Renewed pushes but questionable fate: Redistricting, abortion & vaccines
Lawmakers’ last-ditch effort to draw new congressional districts continues apace, with a map passing the House and getting a Senate committee hearing Wednesday afternoon. But the Conservative Caucus has indicated that debate on the subject on the Senate floor could effectively be the last thing the chamber tackles.
“The session is over when the maps come up,” Onder said on the floor Tuesday.
Another consistently controversial subject, COVID-19 vaccinations, was inserted into a bill focused on financial statements for political entities. Rep. Chris Sander, a Republican from Lone Jack, proposed an amendment banning taxpayer dollars from going to events requiring or asking about vaccination or testing for the virus. Similar language inserted into the state budget by the House was later stripped out by the Senate. Its addition to Senate Bill 724 could complicate its future. It will now likely go to negotiations between the two chambers.
Republicans are also advancing a resolution through the Senate with the intent to activate Missouri’s abortion “trigger ban” if Roe v. Wade is overturned by the Supreme Court. Senate Concurrent Resolution 37, sponsored by Sen. Justin Brown of Rolla, is one of three ways that the state’s abortion ban can go into effect if the high court repeals Roe this summer. The other two are an executive order from the governor or an opinion issued by the attorney general; both are likely to also issue those.
The resolution was passed out of committee Tuesday morning and awaits Senate debate.

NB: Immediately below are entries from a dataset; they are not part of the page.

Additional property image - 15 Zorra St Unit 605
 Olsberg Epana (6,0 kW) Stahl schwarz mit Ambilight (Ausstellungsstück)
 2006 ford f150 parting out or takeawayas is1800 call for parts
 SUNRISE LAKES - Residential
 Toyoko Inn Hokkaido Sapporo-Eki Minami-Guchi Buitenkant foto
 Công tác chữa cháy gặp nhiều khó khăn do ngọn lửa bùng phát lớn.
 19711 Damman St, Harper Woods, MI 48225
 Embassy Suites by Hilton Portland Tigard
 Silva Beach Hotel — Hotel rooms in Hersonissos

Effectively dead: Statewide open enrollment, extended Medicaid for post-pregnancy, ‘Parents’ Bill of Rights’
Several measures with momentum at different times throughout the session have become likely casualties in the final days.
Originally included in the large education bill package was a provision allowing students to attend school districts outside of the one they reside in. But that was stripped from the package during negotiations between the House and Senate, with a compromise for a more limited version.
Extended Medicaid coverage for mothers for a year after pregnancy was also stripped out of a bill with expected Senate opposition. Originally included in Senate Bill 690 from Rehder, the Sikeston Republican, the “Show-Me Healthy Babies” program would have significantly extended how long mothers are covered by the low-income health care program after birth, up from the current 60 days.
But Rep. Phil Christofanelli, a St. Peters Republican, told lawmakers on the House floor Tuesday that the policy “would have had trouble across the building,” likely referring to the Senate Conservative Caucus, and was thus removed alongside a behavioral crisis grant program and other measures.
Finally, a ballot measure that would have included a parent’s right to direct their child’s education in the state constitution failed in the house. Lawmakers on both sides of the aisle warned it could have led to significant restrictions on teachers and schools.
House Joint Resolution 110 also would have put constitutional restrictions on how race, racism and equity are taught.